01:30:45: Das wird ein Income, wenn du dein Asset verkennst.

01:30:47: Nicht für!

01:30:47: Also, während es erhöht...

01:30:49: Wir wissen nicht, wie wertvoll es ist, um das Verkauf zu taxen.

01:30:54: Das betrifft jetzt meine Überraschung und die Frage, ob sich ein paar Wissenschaftler als Einkommen verabschiedet werden wollen, dass der Wert von Ihren Assisten erhöht wird – beziehungsweise dein Zuhause oder deine Komponente.

01:31:27: Und dann adden sie ihn in Dein Taxi-Base und mit den Taxis, die Sie bezahlt haben, und zeigen uns, dass die Rechnungen nicht so viel taxieren können.

01:31:39: Aber das ist unrealisiert!

01:31:41: Capital gains.

01:31:42: Und wir wissen nicht, ob sie eigentlich... Wir werden immer realisiert und es gibt so viele andere Fragen zusammen mit ihnen.

01:31:48: Aber ich denke, wir müssen Capital-Income Taxes haben, weil das auch die Labour Income Taxe brennt.

01:31:54: Die sind also der wichtigste für unsere Ekonomien, aber wir wollen keine zu hohen Labor, denn wir wollen Menschen arbeiten hart.

01:32:00: Wir wollen sie educieren, um Human Capital zu bauen und ihre Karriere zu bauen.

01:32:07: Aber um eine Bilanz zu finden, müssen wir auch Kapital und Labor nötigen.

01:32:12: Und die Capital-Income Taxes, ich denke, sollten auch Kapitel oder realisierende Kapitel und Taxen nötig sein.

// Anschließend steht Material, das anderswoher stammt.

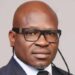 Suspended Delta State Commissioner for Works, Izeze Reuben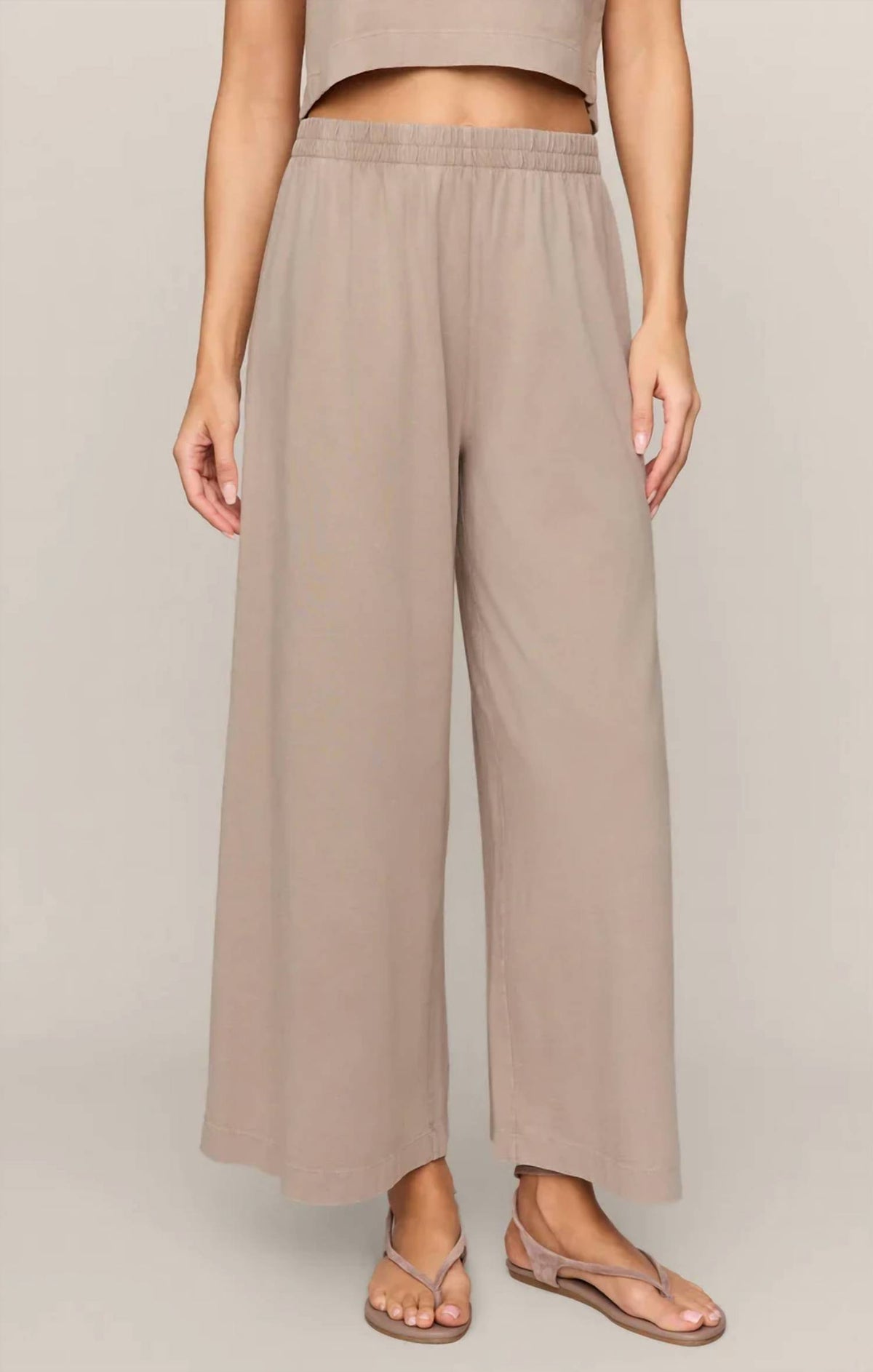 Z Supply - Scout Jersey Pants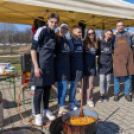 Karcagi Kolbászízesítő és toroskáposzta-főző verseny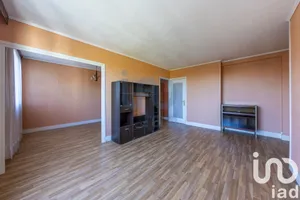 Apartment at Viry-Châtillon (91170)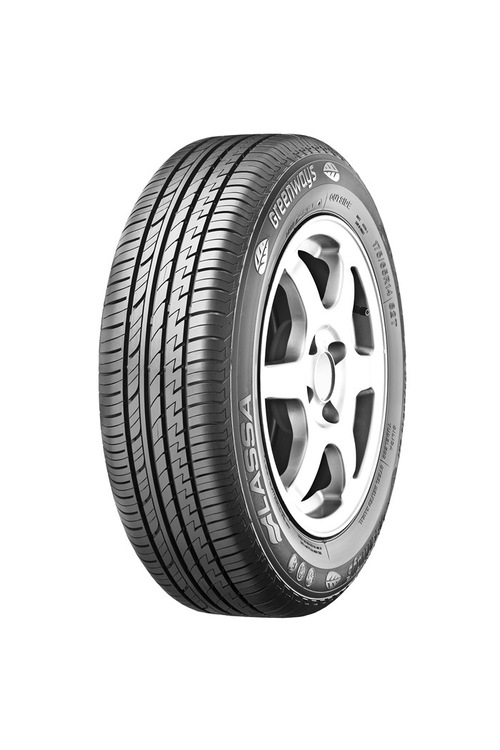LASSA 185/60R15 84H Greenways Yaz Lastiği 2021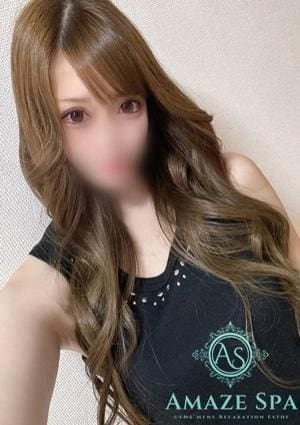 AMAZE SPA 上田店 リコ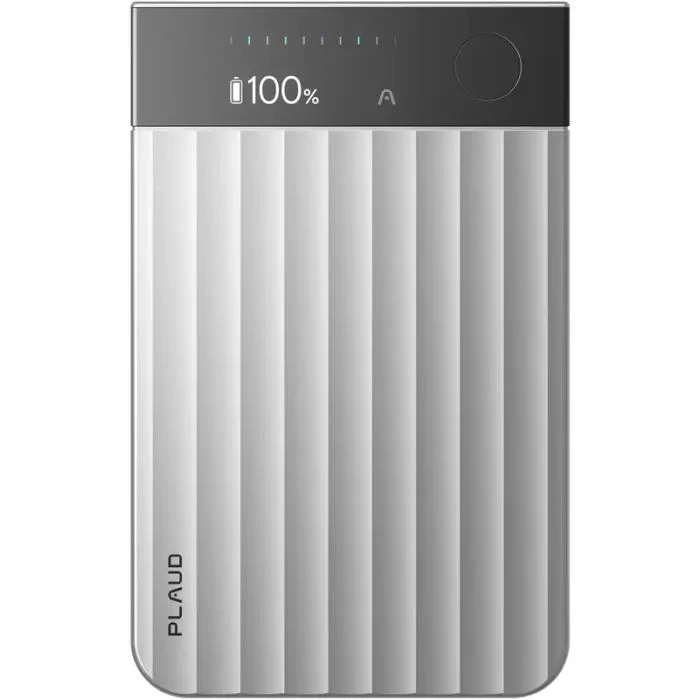 PLAUD NoteProSilver (PN0300-SI) (UA)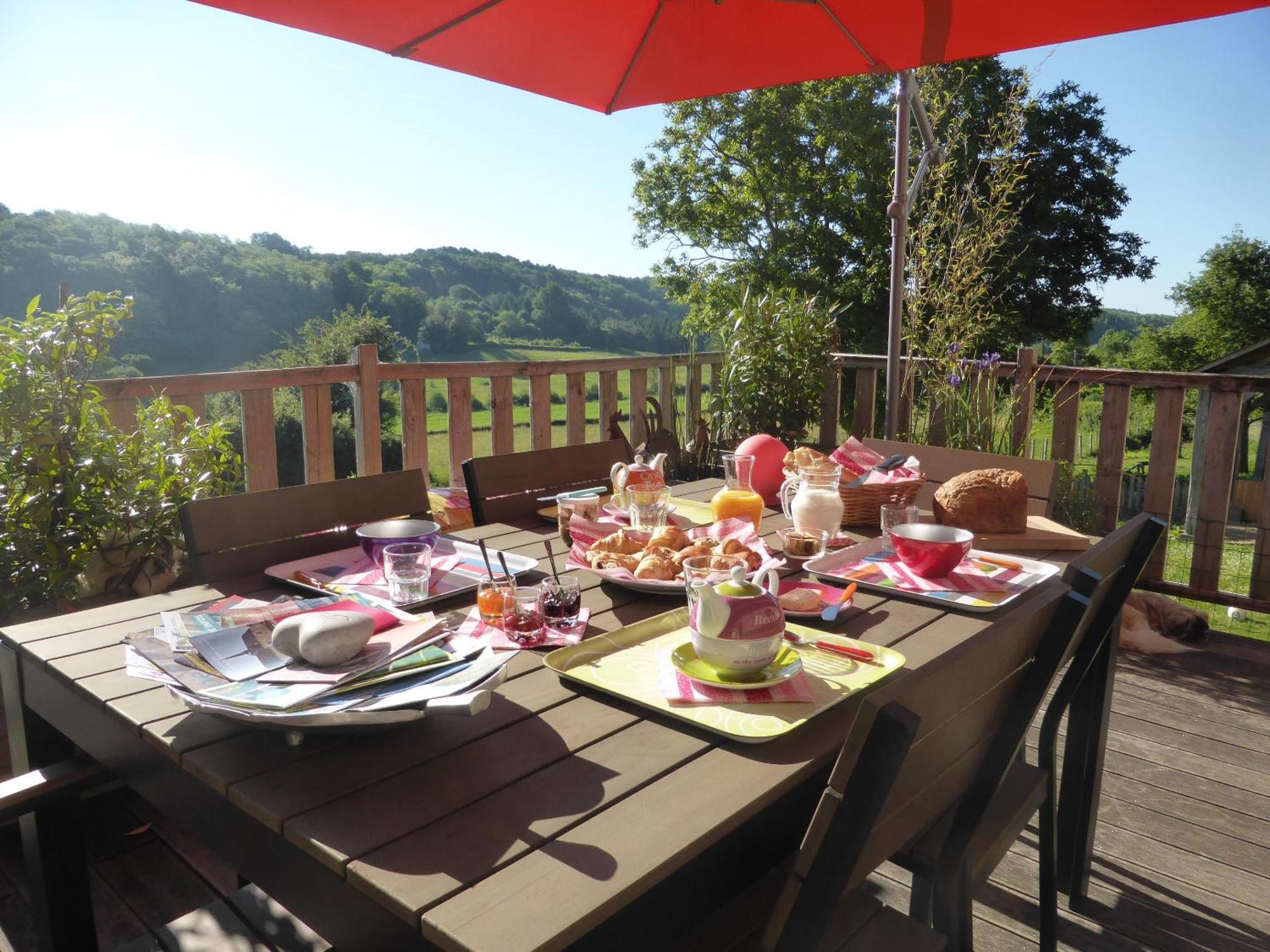 La Haute Forge Maison D'Hotes Thoire-sur-Dinan Room photo
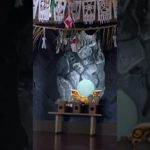 疲れた日没後が最もエネルギーが高い#開運 #スピリチュアル #神社 #宮崎 #天岩戸#天照大御神 #疲れ #shorts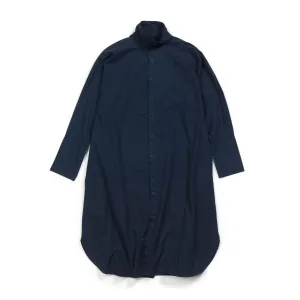 Muro Dress in Atlantic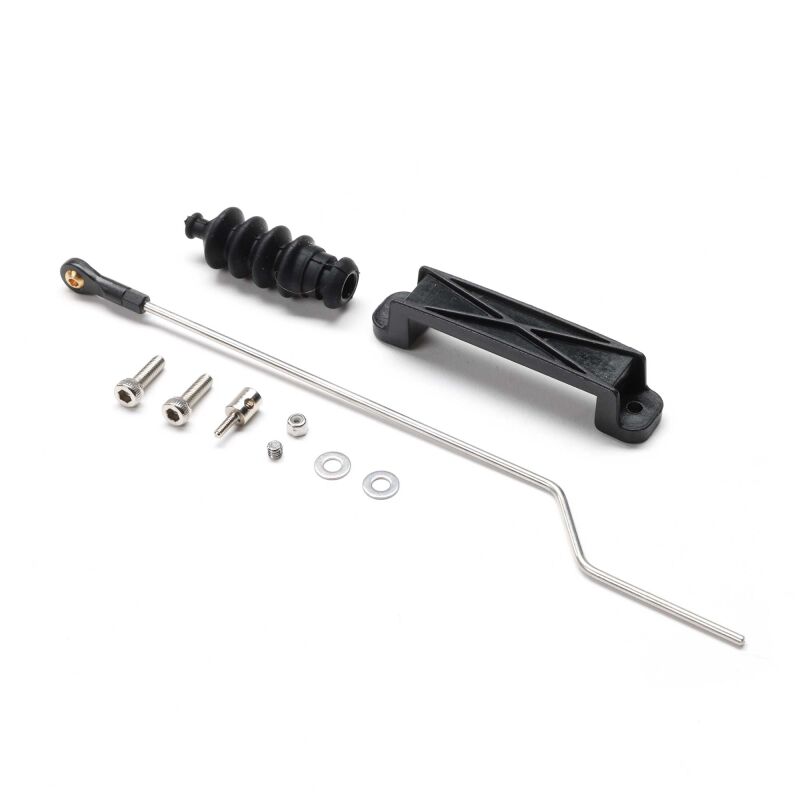 Pro Boat - Servo Mount & Pushrod Set: Sonicwake 24 (PRB-3089)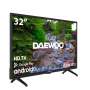 Tv daewoo 32pulgadas led hd 32dm53ha1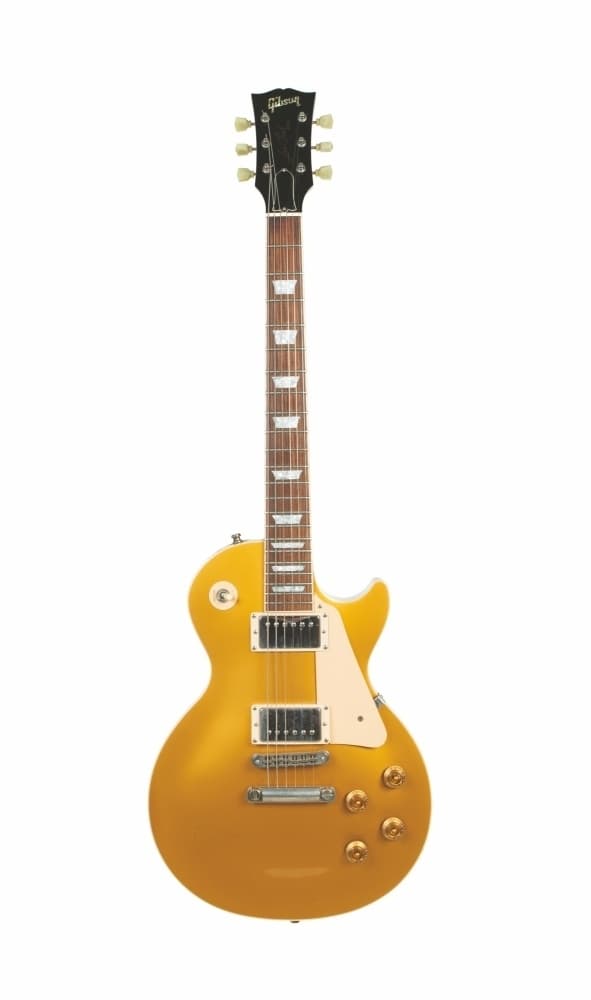RUSH: ALEX LIFESON 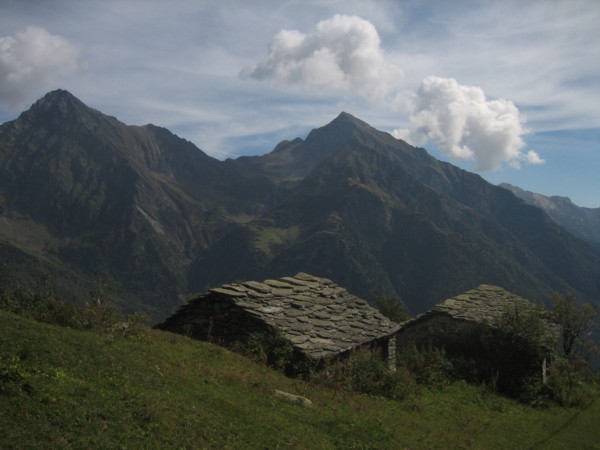 Walsertreffen 2007 in Alagna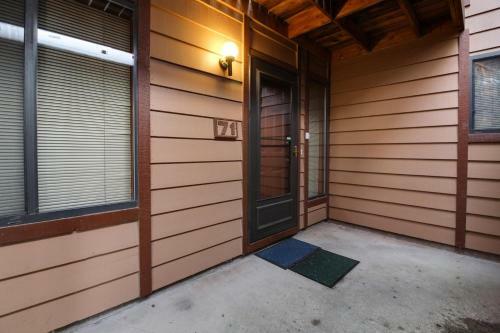 Aspen Village Golf Course Condo - Fairways 71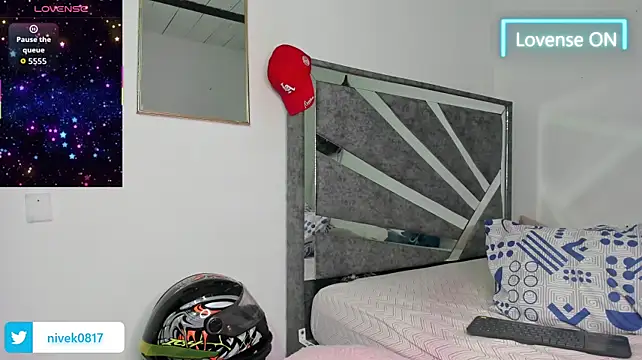 niall_falcon's Webcam Show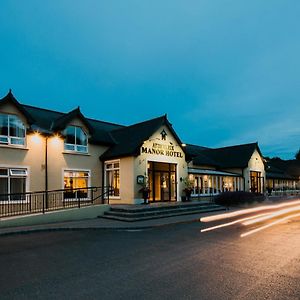 The Abbeyleix Manor Hotel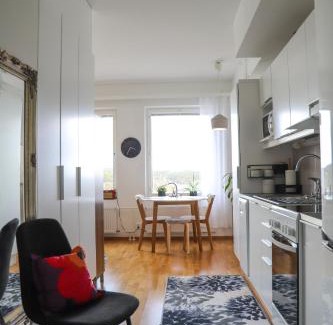 Rovaniemi Apartment | Rovaniemi Downtown Apartment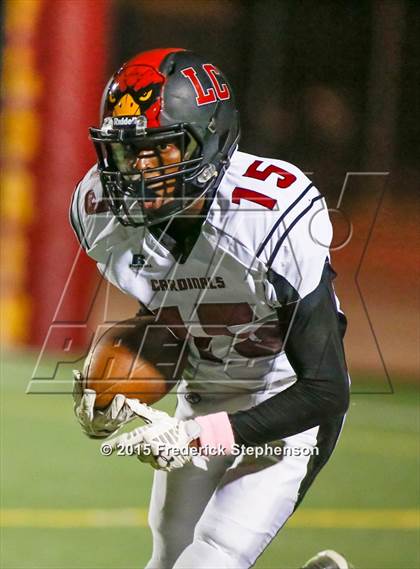 Thumbnail 1 in Florin vs. Laguna Creek photogallery.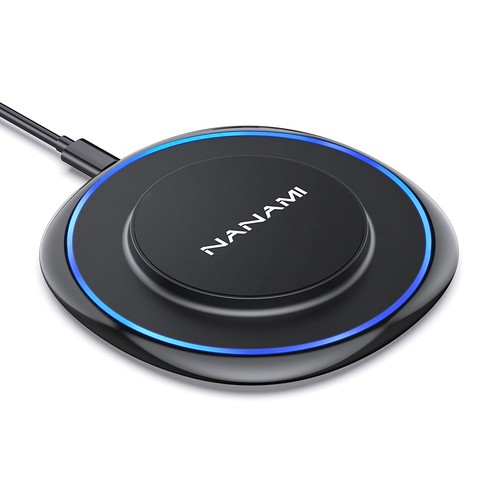Caricatore wireless magnetico - caricatore,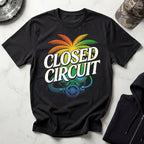 Pacific CCR Diver Gym T-Shirt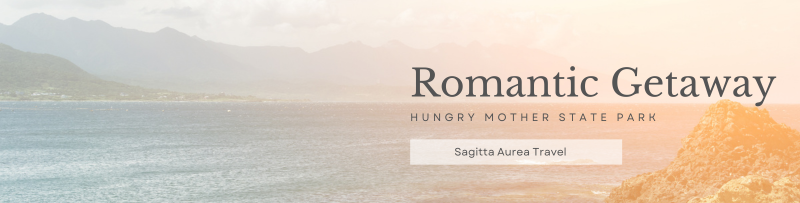 Romantic Camping in Virginia: Couples Getaway at Hungry Mother State Park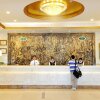 Отель Vienna Hotel Meizhou railway station, фото 15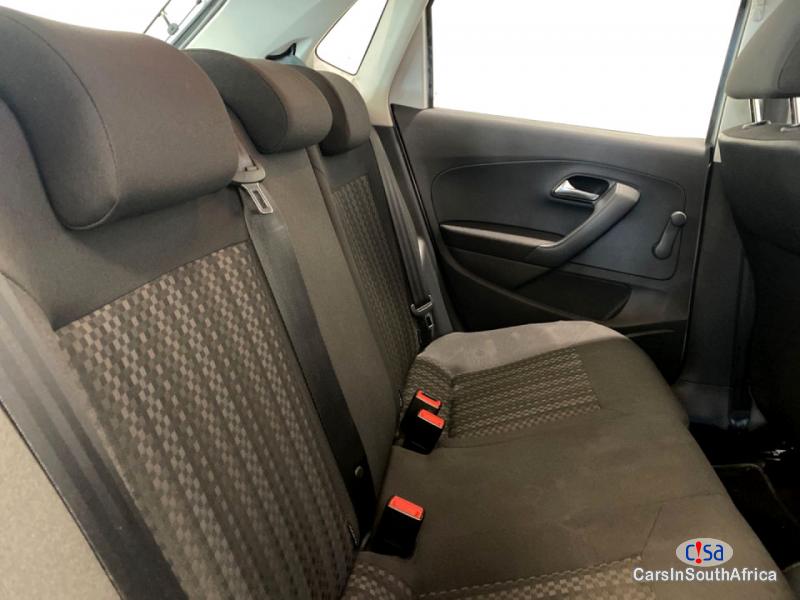 Volkswagen Polo 1.2 Tsi 067 251 5460 Manual 2017 - image 9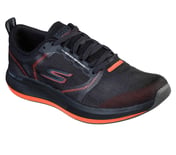 GO RUN PULSE -,  Footwear Right View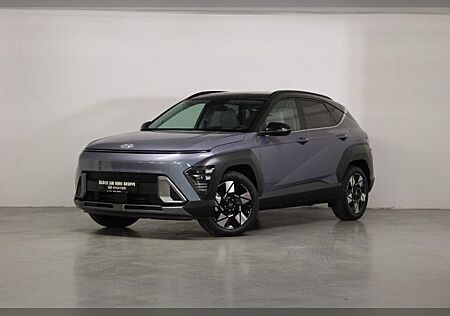 Hyundai Kona SX2 HEV PRIME BOSE SITZPAKET SCHIEBEDACH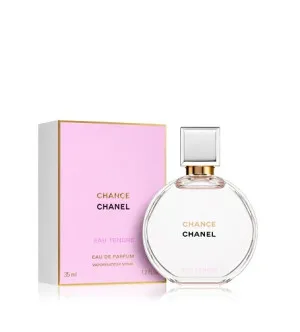 Chanel Chance Eau Tendre agua de perfume para mujeres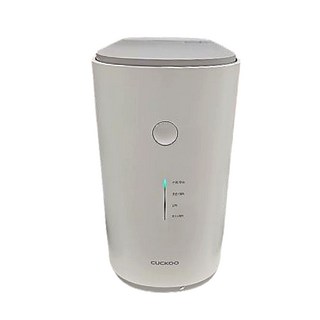 쿠쿠 에코웨일 건조분쇄 음식물처리기 CFD-ENL201DCGW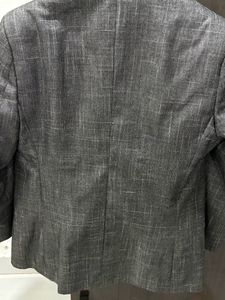 Wedding Coat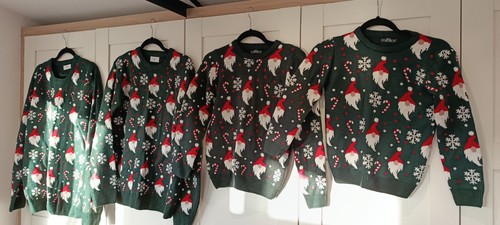 Christmas jumper part of - christmas,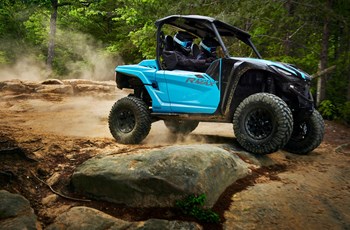 Yamaha Wolverine RMAX 2 1000 2023 - Bild 3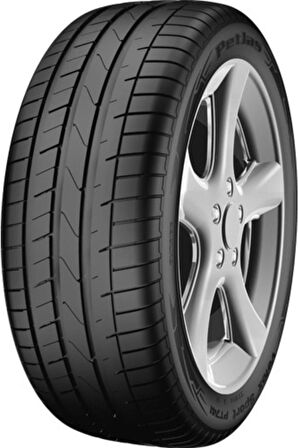 Petlas 215/55 R17 98w Velox Sport Pt741 Yaz Lastiği 2024 Üretim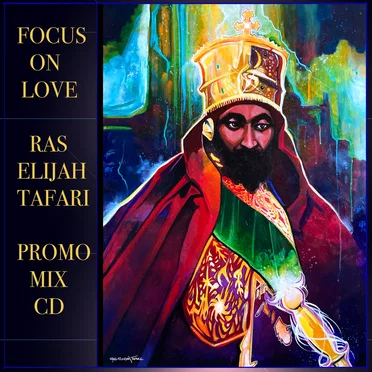 Ras Elijah Tafari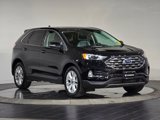 Used 2022 Ford Edge Titanium image 2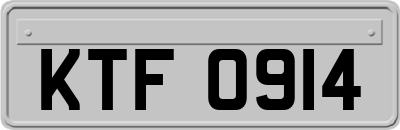 KTF0914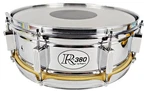Vintage Rogers R380 Snare 4.5X14 Chrome Over Steel - Free Shipping. Fixed Price $269.99.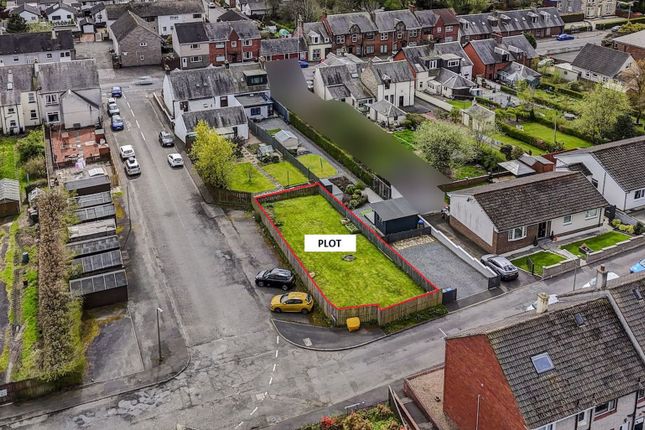 Building Plot, Lochore Terrace... Plot for sale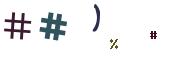 CAPTCHA на основе изображений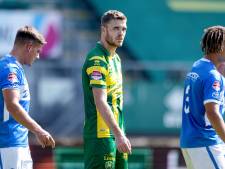 ADO speelt zonder vertrouwen en Haagse bluf: ‘Het kan zo niet verder, dat lijkt me duidelijk’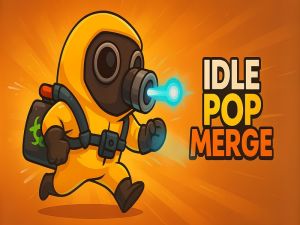 Mäng Tühikäigu pop ühinemine Internetis
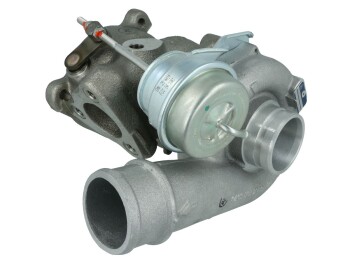 Turbocharger for Audi S3 (8L) (53049880023)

01:32:19: Wenn du dir dein Zuhause verkaufen möchtest, verabschiedet dich für Inflation und vielleicht Warnterien

01:32:24: usw.,

01:32:24: aber ich glaube, es sollte in der Bilanz zwischen Labor und Kapitulation

01:32:31: nötigt.

01:32:32: Also du würdest also nicht supportieren mit einer anderen Idee?

01:32:35: colleague of Piketty Of Zubman, with his two percent billionaire's tax.

01:32:39: No I definitely not...I do not definitely support that.

01:32:43: It is a really bad idea!

01:32:45: I know Gabriel very well and knew him since he was a graduate student but here i don't agree on his viewpoints.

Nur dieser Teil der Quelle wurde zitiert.